Blair D. Howard, Schneeweis's attorney, said that the school system has repaid his client's hard work and integrity with shame and unfounded accusations. "Her basketball teams, through her leadership, have brought pride and honor to that school, and they've done just the opposite to her," said Howard. "They've created a cloud of suspicion around her."
Schneeweis, 33, has built a 103-35 career record in seven years at Robinson. Her teams improved each year, culminating with a Virginia AAA championship last season. Schneeweis's team, which was 3-0 at the time she was suspended with pay, is currently 15-2 under assistant principal Greg Coughan.
The four school administrators named in the suit -- Deputy Superintendent Rocky Jacobs, Assistant Superintendent Allen Leis, Principal William Jackson and School Board Chairman Kohann Whitney -- could not be reached for comment or refused to discuss the suit because they had not yet obtained a copy.
Howard said Jackson violated the school system's personnel policy when he failed to give Schneeweis written notification explaining her suspension. Schneeweis should also have been allowed to appeal her case to the school board, Howard said.
"If she's done something wrong, if there's any basis for her suspension, then tell us what it is and give us an opportunity to meet the people who have pointed a finger at her and confront them," he said.
But Deloris Bohen, spokeswoman for the Fairfax schools, said yesterday that county regulations do not require written notice or school board appeals when coaches or club sponsors are suspended.
The job as girls basketball coach "is not covered by our regulations. Principals can change coaches from one season to the next," said Bohen, adding that as a matter of professional courtesy a principal would usually explain to the teacher why he or she was being suspended.

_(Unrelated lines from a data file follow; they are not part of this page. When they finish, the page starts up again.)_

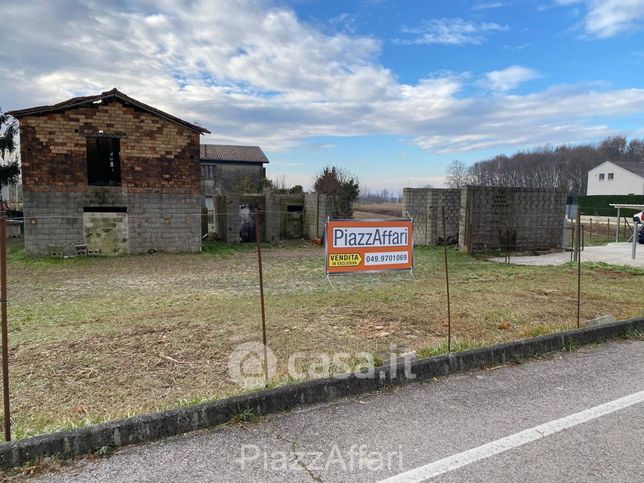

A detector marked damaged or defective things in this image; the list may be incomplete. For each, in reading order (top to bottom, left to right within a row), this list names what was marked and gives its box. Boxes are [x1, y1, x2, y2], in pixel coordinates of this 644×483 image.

rusty metal pole [254, 210, 270, 388]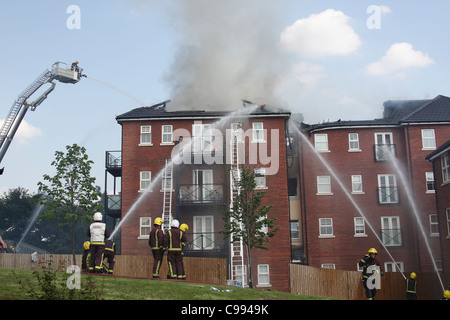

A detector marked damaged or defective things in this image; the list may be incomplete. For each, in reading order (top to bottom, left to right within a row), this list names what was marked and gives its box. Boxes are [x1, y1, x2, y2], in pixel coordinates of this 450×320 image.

burnt roof section [117, 102, 292, 122]
burnt roof section [306, 94, 450, 132]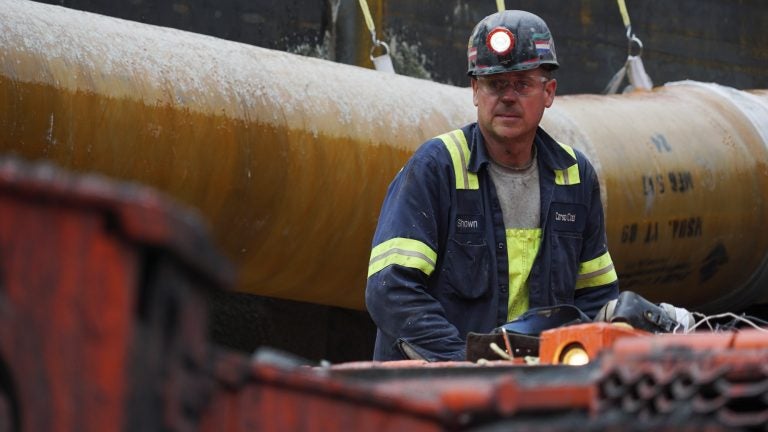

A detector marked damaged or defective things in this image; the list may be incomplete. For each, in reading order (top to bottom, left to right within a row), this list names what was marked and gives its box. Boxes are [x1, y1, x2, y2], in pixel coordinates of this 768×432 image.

large rusty pipe [1, 0, 768, 310]
corroded metal surface [1, 0, 768, 312]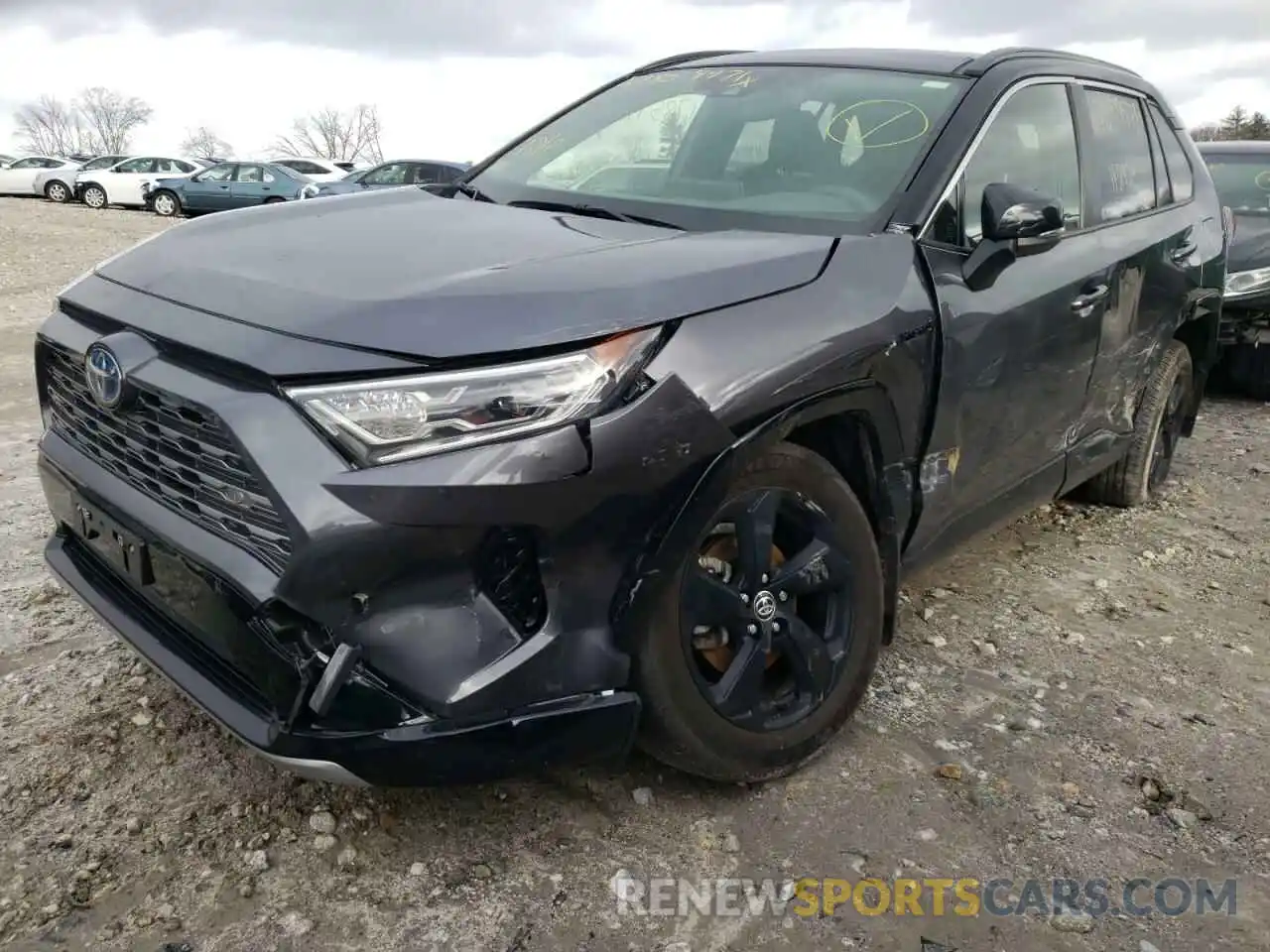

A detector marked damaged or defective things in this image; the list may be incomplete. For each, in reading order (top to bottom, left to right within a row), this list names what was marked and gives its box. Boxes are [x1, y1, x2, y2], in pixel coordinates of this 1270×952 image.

cracked bumper cover [35, 306, 736, 791]
damaged front bumper [37, 299, 736, 791]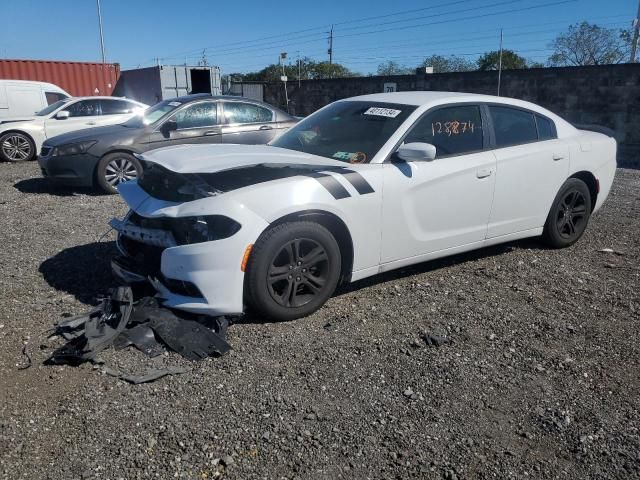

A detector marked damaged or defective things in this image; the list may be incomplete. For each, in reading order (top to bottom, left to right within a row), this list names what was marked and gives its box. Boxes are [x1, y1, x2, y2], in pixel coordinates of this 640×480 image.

broken headlight [53, 140, 97, 157]
detached front bumper [38, 151, 99, 187]
damaged white sedan [112, 92, 616, 320]
broken headlight [171, 215, 241, 244]
detached front bumper [111, 180, 268, 316]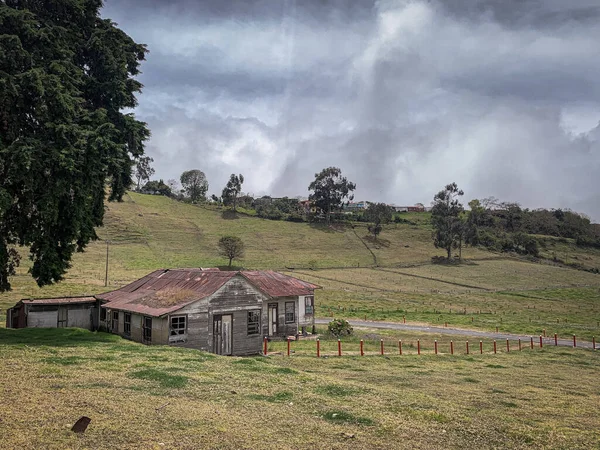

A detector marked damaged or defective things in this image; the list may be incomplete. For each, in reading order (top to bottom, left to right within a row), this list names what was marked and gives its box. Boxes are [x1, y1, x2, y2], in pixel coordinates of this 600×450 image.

rusty corrugated metal roof [98, 268, 322, 318]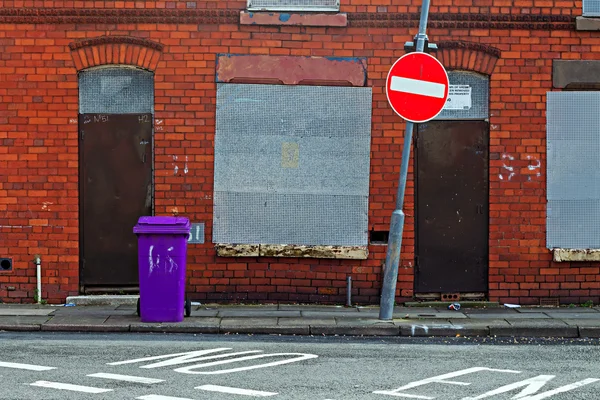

Schneeweis's status has remained in limbo since the suspension as the school system awaited a report from the Department of Human Relations that was investigating complaints lodged by several parents.
Dan Jackson, head of Human Relations, said the report was delivered late Monday to Robinson's principal, but he would not discuss its conclusions.
"It's a thorough report," said Jackson. "In making reports, I analyze and if I feel there is a need, I make recommendations but they are only recommendations. In this case, there are several recommendations."
William Jackson said through a spokesman that he had not yet made a decision on whether to reinstate Schneeweis or to maintain the suspension. He said he would probably make a decision by the end of the week.
The girls basketball team has four regular season games remaining before regional playoffs begin March 5. Howard accused the school system of intentionally delaying its response to Schneeweis's request for a hearing "to avoid her coming back as coach before this basketball season has ended."
Sally Todd, executive director of the Fairfax County Federation of Teachers, said yesterday that the debate surrounding Schneeweis is further illustration of how the school administration has grown increasingly reluctant to stand up against vocal parents who become "overly excited" or "overly protective."
"It's always easier to grease the squeaky wheel than it is to draw the line and say, 'We understand your concern, but we're sorry,' " said Todd, adding that Jackson appeared to be one of Schneeweis's staunchest supporters until the days before he told the coach that she was suspended indefinitely.
Todd also said that Schneeweis's success ironically may have fueled the emotional fires now mounting against her. Todd said parents are even more excited about their girls getting playing time if the team is a state champion enjoying a great deal of public attention.